The plasma’s of quarks and gluons produced during lead-nucleus collisions in the LHC accelerator is thought to exist in lighter nuclei and even in colliding protons. This is reported by the ALICE experiment at CERN.
In a new analysis published in Nature Communications, researchers from the ALICE collaboration report a striking similarity between patterns in proton-proton, proton-lead and lead-lead collisions. “The size of the colliding systems does not determine the formation of quark-gluon plasmas,” they conclude.
The ALICE experiment studies these complex collision processes. Through Utrecht University, Nikhef is a prominent partner in the research programme with ALICE.
Quark-gluon plasma is the form in which extremely hot and dense matter existed microseconds after the Big Bang. Until now, this plasma has mainly been studied by firing heavy ions at each other, including at CERN.
It was thought that in smaller systems, the pressure and temperature would be insufficient to produce a plasma of quarks and gluons.
For the analyses, ALICE observations from the period 2016–2018 were examined in detail. In the LHC accelerator at CERN, heavy ions such as lead are usually accelerated for a few weeks each year for special experiments; for the rest of the year, protons are used.

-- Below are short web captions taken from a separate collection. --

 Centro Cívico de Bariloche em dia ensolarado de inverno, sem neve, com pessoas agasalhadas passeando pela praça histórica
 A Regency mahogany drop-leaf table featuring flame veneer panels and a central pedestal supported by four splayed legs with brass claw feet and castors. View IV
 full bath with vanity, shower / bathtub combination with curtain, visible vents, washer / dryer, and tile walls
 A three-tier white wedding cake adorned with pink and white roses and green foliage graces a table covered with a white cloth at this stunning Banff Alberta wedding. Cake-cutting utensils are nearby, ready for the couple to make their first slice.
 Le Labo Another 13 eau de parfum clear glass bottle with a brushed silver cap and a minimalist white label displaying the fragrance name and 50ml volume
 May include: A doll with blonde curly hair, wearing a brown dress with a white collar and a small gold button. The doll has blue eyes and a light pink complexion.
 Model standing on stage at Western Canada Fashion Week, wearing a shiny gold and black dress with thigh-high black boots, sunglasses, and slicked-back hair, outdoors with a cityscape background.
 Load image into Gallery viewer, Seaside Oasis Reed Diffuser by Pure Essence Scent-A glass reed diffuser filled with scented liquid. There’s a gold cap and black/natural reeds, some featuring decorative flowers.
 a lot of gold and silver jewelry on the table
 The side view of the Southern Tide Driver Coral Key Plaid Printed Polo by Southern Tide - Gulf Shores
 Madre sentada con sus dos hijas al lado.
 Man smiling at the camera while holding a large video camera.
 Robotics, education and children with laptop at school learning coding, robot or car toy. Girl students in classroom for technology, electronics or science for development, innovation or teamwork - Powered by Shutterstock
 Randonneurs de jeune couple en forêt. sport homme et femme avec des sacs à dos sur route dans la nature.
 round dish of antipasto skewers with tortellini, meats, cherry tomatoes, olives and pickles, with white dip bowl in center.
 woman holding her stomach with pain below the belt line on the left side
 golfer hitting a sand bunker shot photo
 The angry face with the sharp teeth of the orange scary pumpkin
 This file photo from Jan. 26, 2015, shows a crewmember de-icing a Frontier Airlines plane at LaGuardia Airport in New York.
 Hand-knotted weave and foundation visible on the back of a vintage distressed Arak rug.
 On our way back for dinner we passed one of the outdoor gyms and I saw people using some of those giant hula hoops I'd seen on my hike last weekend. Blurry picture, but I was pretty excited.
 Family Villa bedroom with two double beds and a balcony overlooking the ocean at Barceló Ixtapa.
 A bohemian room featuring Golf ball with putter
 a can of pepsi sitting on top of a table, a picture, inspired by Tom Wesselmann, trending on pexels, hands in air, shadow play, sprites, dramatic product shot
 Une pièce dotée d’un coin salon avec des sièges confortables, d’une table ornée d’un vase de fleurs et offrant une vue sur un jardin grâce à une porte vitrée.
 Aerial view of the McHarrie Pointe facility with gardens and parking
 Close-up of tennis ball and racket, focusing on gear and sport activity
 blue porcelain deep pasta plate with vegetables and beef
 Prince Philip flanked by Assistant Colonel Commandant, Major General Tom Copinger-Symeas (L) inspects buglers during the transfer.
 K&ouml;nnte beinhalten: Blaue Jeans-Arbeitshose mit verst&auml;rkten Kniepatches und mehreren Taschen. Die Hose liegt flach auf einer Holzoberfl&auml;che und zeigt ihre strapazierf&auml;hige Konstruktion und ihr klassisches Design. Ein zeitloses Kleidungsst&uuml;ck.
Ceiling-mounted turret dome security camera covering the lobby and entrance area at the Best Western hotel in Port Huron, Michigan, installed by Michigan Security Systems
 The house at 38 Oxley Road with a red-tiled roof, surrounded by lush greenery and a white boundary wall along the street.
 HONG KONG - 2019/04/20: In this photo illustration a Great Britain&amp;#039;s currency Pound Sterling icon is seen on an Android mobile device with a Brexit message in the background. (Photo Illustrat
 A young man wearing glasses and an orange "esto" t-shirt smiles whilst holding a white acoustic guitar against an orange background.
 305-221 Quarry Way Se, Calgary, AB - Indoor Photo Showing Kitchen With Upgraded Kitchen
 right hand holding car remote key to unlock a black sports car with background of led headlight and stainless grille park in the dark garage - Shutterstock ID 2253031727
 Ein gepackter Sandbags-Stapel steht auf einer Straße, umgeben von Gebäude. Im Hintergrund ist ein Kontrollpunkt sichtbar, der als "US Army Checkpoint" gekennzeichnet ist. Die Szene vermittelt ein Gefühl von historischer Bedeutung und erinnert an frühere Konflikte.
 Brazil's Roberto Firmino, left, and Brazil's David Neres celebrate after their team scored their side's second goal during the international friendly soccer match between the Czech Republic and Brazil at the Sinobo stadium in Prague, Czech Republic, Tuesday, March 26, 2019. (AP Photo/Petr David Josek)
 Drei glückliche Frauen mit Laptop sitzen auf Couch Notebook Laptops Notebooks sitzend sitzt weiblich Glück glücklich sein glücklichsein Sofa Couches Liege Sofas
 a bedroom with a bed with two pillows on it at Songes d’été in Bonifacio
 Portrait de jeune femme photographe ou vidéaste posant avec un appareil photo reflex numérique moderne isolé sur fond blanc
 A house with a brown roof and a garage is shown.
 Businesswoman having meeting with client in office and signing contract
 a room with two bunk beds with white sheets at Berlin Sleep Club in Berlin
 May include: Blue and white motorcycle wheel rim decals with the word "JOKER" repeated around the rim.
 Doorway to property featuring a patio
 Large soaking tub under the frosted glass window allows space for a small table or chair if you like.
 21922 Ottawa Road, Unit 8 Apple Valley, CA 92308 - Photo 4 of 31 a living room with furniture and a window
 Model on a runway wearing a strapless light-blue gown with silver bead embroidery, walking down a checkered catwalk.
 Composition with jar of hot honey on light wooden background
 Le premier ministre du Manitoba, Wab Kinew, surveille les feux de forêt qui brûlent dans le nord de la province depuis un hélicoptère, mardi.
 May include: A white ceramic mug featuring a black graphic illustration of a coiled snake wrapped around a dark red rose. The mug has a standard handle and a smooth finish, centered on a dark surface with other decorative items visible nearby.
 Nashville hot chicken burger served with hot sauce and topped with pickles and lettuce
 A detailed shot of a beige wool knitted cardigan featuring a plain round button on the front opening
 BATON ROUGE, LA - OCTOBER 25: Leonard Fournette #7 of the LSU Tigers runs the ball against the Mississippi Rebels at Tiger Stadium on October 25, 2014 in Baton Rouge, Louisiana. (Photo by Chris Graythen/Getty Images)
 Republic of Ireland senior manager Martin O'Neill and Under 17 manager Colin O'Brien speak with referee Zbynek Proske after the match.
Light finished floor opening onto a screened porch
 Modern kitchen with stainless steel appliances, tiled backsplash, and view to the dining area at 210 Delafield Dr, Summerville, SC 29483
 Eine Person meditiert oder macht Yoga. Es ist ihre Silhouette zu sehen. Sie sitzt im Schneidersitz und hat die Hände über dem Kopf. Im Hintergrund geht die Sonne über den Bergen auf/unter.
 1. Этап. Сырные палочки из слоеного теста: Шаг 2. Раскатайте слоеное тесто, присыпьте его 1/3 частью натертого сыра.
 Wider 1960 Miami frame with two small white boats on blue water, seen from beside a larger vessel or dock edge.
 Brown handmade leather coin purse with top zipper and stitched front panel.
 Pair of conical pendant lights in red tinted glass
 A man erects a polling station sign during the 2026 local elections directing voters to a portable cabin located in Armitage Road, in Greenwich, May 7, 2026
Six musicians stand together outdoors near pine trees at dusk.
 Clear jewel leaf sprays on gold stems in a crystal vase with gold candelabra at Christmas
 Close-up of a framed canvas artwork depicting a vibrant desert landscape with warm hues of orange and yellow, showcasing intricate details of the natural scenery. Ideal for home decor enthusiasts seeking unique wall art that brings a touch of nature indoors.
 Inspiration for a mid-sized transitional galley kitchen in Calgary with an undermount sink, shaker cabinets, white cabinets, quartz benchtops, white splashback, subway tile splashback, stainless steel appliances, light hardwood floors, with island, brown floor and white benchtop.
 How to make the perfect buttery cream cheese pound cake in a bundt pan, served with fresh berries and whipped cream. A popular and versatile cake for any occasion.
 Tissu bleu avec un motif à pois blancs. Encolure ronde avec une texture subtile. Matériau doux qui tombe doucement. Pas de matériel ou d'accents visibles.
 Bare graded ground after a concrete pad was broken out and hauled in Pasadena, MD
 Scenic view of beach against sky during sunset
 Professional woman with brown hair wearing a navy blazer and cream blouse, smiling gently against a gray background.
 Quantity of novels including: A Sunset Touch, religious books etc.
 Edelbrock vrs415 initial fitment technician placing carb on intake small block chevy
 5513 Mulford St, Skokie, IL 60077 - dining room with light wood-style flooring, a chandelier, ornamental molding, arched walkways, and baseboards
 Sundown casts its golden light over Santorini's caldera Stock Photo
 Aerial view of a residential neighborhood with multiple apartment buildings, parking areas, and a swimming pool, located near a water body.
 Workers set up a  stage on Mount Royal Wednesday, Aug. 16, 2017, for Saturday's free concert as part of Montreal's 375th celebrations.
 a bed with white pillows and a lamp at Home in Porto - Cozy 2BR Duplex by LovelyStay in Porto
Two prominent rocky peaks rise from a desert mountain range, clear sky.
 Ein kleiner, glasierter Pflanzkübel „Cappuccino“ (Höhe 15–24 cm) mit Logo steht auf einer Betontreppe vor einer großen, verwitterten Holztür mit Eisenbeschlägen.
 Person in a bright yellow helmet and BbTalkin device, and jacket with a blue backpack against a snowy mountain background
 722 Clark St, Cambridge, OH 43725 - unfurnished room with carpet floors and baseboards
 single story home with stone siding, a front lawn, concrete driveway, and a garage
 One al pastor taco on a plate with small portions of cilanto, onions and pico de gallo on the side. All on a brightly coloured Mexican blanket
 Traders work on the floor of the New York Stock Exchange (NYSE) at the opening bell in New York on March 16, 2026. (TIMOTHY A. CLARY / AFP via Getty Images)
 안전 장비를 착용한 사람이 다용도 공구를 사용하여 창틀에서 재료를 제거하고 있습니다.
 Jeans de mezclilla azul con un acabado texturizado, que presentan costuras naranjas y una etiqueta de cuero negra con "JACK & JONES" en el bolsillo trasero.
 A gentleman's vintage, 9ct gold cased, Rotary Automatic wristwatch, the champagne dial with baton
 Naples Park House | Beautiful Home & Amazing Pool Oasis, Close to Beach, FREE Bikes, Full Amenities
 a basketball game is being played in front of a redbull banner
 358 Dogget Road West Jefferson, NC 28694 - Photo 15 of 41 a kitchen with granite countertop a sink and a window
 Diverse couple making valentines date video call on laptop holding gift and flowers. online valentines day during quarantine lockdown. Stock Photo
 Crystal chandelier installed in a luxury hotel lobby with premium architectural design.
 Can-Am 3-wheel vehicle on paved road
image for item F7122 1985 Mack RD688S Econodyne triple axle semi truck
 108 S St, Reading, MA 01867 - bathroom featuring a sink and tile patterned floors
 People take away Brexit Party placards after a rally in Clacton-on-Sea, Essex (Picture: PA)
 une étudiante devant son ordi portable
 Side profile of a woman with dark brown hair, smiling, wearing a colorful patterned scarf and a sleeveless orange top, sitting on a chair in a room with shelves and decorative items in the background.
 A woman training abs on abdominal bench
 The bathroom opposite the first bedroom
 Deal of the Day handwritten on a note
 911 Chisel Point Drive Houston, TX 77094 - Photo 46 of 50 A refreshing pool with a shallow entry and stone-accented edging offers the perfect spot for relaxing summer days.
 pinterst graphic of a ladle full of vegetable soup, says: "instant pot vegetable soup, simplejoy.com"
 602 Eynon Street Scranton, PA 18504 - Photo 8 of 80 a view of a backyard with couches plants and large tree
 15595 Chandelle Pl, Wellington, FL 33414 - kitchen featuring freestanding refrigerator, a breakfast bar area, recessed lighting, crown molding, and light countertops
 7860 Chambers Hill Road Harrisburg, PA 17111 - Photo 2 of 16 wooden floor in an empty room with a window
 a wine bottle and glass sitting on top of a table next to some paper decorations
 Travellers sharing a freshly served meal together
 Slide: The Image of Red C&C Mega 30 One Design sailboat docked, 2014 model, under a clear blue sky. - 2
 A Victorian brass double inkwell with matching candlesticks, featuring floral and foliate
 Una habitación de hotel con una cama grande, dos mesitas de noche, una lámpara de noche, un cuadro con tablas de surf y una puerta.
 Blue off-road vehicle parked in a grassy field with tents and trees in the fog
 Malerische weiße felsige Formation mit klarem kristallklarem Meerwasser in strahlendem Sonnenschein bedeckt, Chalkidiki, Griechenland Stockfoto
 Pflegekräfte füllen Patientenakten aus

A strong indication of the formation of quark-gluon plasma is the so-called anisotropic flow, in which the particles created from the boiling plasma during the collision move predominantly in a certain direction.
As the plasma cools, the quarks form baryons with three quarks and mesons with two quarks. It is already known from the lead experiments that the heavier baryons move in a more concentrated manner than the slightly lighter mesons.
According to the new analyses, this difference is also evident in collisions of protons with lead and even in colliding protons. According to the researchers, this is an indication that the same, comparable expanding quark systems play a role in all collisions.
In late 2025, ALICE conducted its first experiments with colliding oxygen nuclei in the LHC accelerator, which are much lighter than lead ions but heavier than protons. “We expect these measurements to bridge the gap between proton collisions and lead collisions, enabling us to learn more about the nature and evolution of the quark-gluon plasma.”
The analyses of the oxygen collisions in ALICE are expected later this year.